The function $f(x) = x^2 +2x$ is a bijection if and only if there exists a function $g: (-1, +\infty) \to (-1, +\infty)$ satisfying
$\tag 1 f \circ g = g \circ f = \text{Id}_{(-1, +\infty)}$
Solve for $x$ in terms of $y$:
$\quad y = x^2 + 2x \; \text{ iff } \; x^2 + 2x - y = 0 $
Using the quadratic formula,
$\quad \displaystyle x = \frac{-2 + \sqrt{4 + 4y}}{2} \text{ or } x = \frac{-2 - \sqrt{4 + 4y}}{2} $
Define $g(x): (-1, +\infty) \to (-1, +\infty)$ with
$\tag 2 g(x) = \displaystyle \sqrt{x + 1} - 1$
checking that $g$ is indeed a transformational mapping of the interval $(-1, +\infty)$.
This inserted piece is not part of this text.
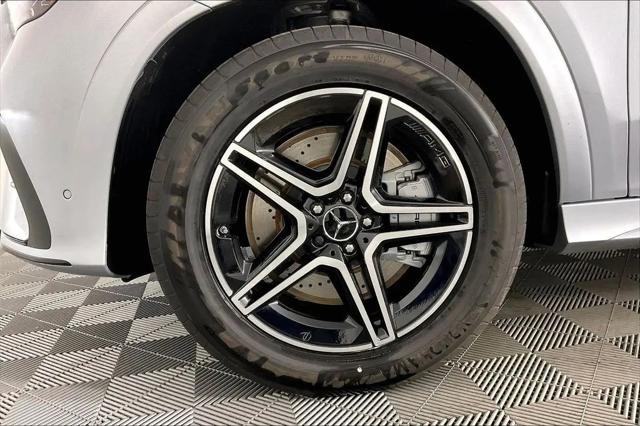 2026 Mercedes-Benz GLE AMG GLE 53 4MATIC+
The function $g$ is a left inverse:
$\quad g \big(f (x) \big) = \displaystyle \sqrt{(x^2 + 2x) + 1} - 1 = \sqrt{ (x+1)^2} - 1 = x$
The function $g$ is a right inverse:
$\quad f \big( g (x) \big) = \displaystyle (\sqrt{x + 1} - 1)^2 +2(\sqrt{x + 1} - 1) = (x+1) - 2\sqrt{x + 1} + 1 + 2\sqrt{x + 1} - 2 = x$
There is nothing left to do.